A judge has dismissed a copyright lawsuit from a self-professed “gangsta pimp” who accused 20th Century Fox, Lee Daniels and Terrence Howard of stealing his life story.
Ron Newt sued the three entities in April 2015, claiming he shared his story with Howard in L.A. in 2010 and that Empire later ripped him off. Newt released an autobiography and documentary DVD both titled Bigger Than Big and originally sought $1 billion in the lawsuit before reducing it to $10 million.
Judge Consuelo Marshall dismissed the suit on Wednesday, on the grounds that there was “no substantial similarity with respect to plot,” according to The Hollywood Reporter. The judge also stated in court papers: “Although the parties’ works each follow an African American man who was involved in drug dealing and has sons pursuing a music career, Plaintiff’s works and Empire are not substantially similar as to plot.”

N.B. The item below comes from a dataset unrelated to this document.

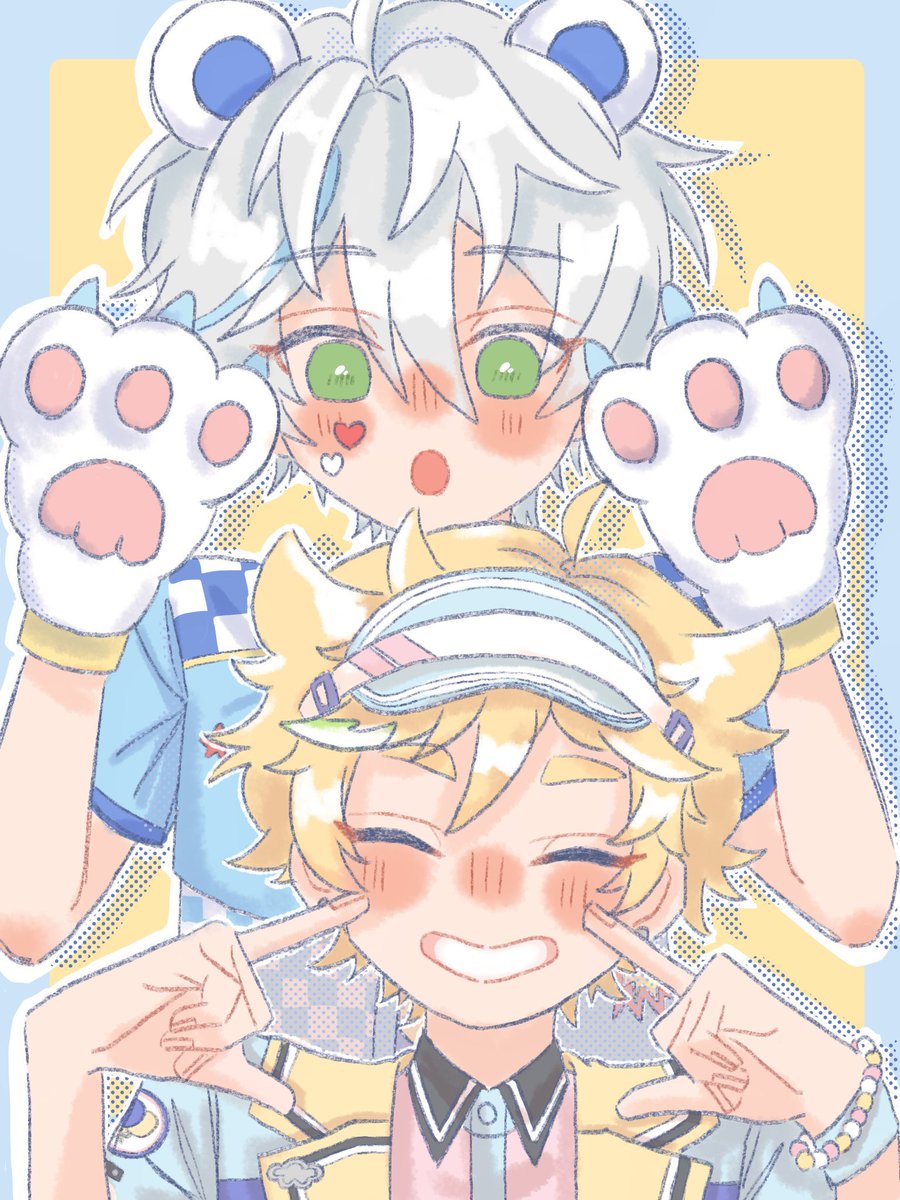 ✨🩵💛How to Smile！💛🩵✨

Essentially, Newt failed to prove his material was copyrighted and that Empire willingly stole it. Via THR:
In Marshall’s opinion, two-thirds of Newt’s documentary centers on his work as a pimp in San Francisco, while the remaining third focuses on his sons’ group the Newtrons, and his book and screenplay primarily focus on “the violence, sex, drugs and crime” surrounding Newt’s life as a drug lord. Meanwhile, Marshall found Empire focuses on “the power struggle amongst the Lyons — an African American family in the music business.”
Marshall further described the likenesses as mere “random similarities.”
Newt’s lawsuit was among the many that have been brought against Empire in hopes of capitalizing on its success.